Narcissists rule the roost in their household.
They do it by pushing extremes in every aspect of the home, particularly with children. When the marriage ends, the Narcissist continues to maintain extremes.
Their preeminent position by scapegoating the other parent and turning the children against them. Because narcissists are all about the status quo, only the more empathic parent can ensure the safety of the children.
Narcissists by definition keep the focus on themselves.
They live at the center. This shows up in the family by making the other parent secondary and to blame for any shortcomings.
Interestingly this dynamic continues with children where one child is “the golden child” and the other the scapegoat. In other words, the children take on the mantles of the parents as assigned by the narcissistic parent.
The narcissist will do everything in their power to maintain this order in the restructured family. They do this by continuing to scapegoat and even alienate the other parent.
When you think about it, this makes perfect sense. The narcissist is “perfect” and so the other parent receives all the responsibility and blame for the failed marriage.
The children are faced with a choice when this happens. They must either choose one parent over the other or secretly maintain even relations with both parents since the narcissist will not tolerate anything but complete alignment.
Remember, one child is glorified, the other has been scapegoated.
The scapegoated child yearns for acknowledgment as does the golden child. The lead administrator of rewards is the narcissist while the other parent has always been in a supporting role.
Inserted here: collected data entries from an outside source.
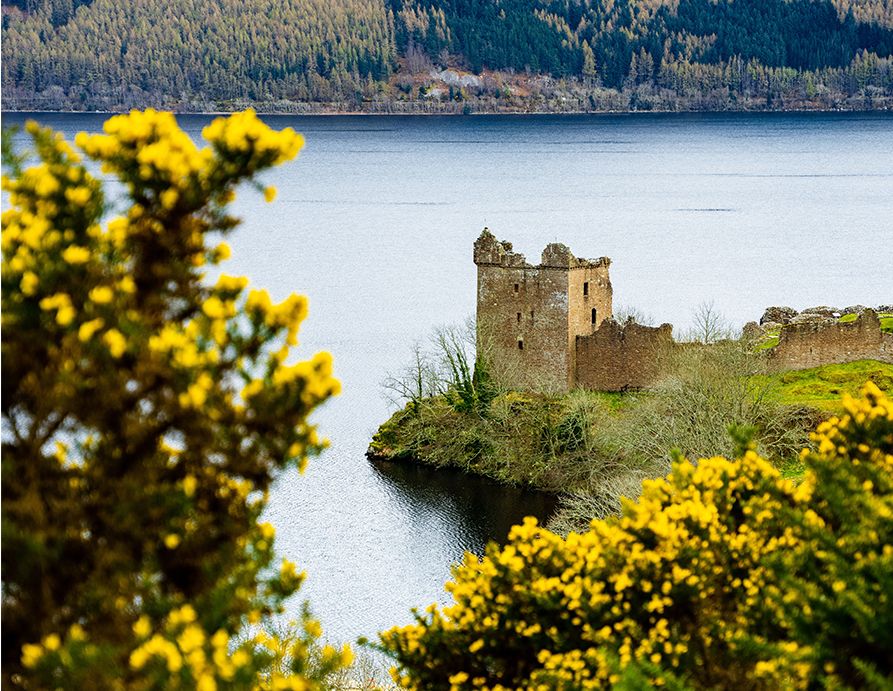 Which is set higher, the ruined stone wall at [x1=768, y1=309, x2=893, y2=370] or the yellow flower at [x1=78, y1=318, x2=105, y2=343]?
the yellow flower at [x1=78, y1=318, x2=105, y2=343]

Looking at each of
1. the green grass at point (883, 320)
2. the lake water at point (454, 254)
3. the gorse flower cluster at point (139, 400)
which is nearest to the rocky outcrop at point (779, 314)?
the green grass at point (883, 320)

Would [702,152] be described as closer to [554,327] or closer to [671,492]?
[554,327]

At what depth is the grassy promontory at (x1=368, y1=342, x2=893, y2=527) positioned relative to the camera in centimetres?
4162

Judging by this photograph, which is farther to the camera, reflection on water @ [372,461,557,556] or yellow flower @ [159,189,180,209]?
reflection on water @ [372,461,557,556]

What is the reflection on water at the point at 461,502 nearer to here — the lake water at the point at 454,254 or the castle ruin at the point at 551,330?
the lake water at the point at 454,254

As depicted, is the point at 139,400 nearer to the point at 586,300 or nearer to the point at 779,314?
the point at 586,300

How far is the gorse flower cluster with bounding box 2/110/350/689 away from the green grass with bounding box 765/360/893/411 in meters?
37.2

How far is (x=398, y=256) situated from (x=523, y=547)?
81.4 metres

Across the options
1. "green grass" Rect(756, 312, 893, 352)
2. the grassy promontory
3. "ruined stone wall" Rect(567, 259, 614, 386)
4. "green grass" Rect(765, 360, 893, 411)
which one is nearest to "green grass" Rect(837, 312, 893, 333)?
"green grass" Rect(756, 312, 893, 352)

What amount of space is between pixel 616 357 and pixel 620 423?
20.6 ft

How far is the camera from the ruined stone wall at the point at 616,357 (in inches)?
1998

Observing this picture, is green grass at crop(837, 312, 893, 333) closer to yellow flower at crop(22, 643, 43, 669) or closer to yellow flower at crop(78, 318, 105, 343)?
yellow flower at crop(78, 318, 105, 343)

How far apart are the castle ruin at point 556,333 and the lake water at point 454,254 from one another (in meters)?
5.49

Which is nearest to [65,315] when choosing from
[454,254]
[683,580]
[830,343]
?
[683,580] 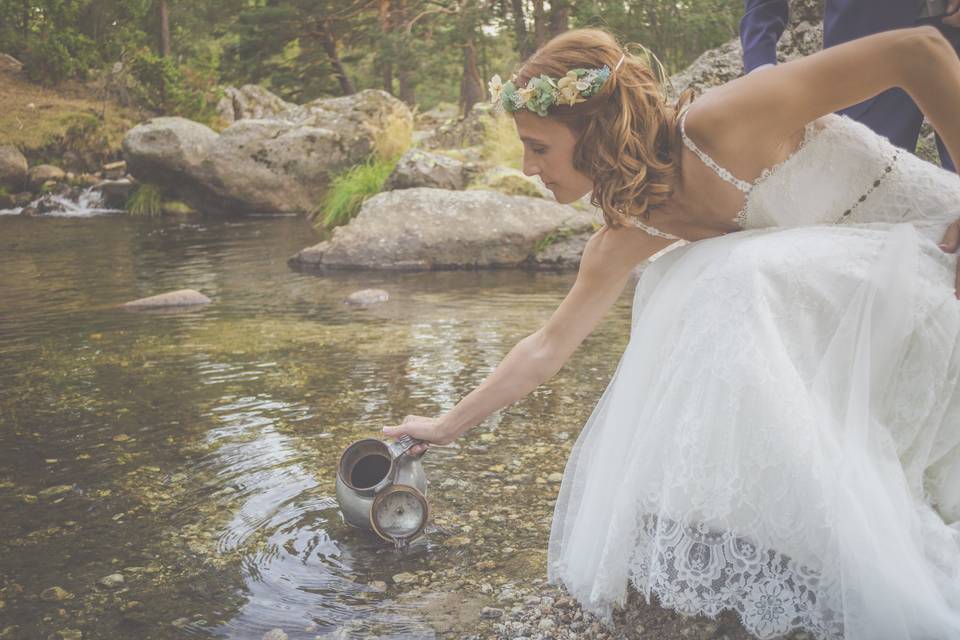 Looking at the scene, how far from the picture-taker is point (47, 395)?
4.71 metres

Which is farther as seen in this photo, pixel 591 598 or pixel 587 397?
pixel 587 397

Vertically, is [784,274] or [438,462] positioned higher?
[784,274]

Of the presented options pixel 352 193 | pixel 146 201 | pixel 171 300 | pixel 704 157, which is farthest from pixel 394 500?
pixel 146 201

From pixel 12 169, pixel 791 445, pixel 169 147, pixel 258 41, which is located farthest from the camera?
pixel 258 41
When the narcissist turns on the other parent, naturally the children will side with them. At least until they are mature enough and secure enough in their own identity to take a stand.
The golden child will continue to turn to the narcissist for praise and the attention-starved scapegoat child will do so as well getting the attention they have craved for so long.
The Narcissistic Parent Is Like…
The narcissistic parent is like a charismatic leader and teaches the children their hatred of the other parent.
Essentially they weaponize the child against the other parent. The children are turned in a number of ways; when they come home from the other parent’s home the narcissist may question them and make disparaging remarks.
The narcissist may lean into non-verbal communication. Their child comes home from school after an overnight.
The narcissist will show extreme overstated concern for the child’s well-being. In so doing they are planting the seed of an idea with the child that something is wrong in the other household. They will overlay this with the sentiment that the child is fortunate to be out of that environment and back in the sphere of the narcissistic parent.
Over time, the child will internalize the contempt and criticism of the other parent perpetrated by the narcissist. After all, they have were exposed to these attitudes for years before the separation/divorce and they are intensified during times of conflict.
The child internalizes the contempt for the other parent rather than becoming the recipient of that contempt.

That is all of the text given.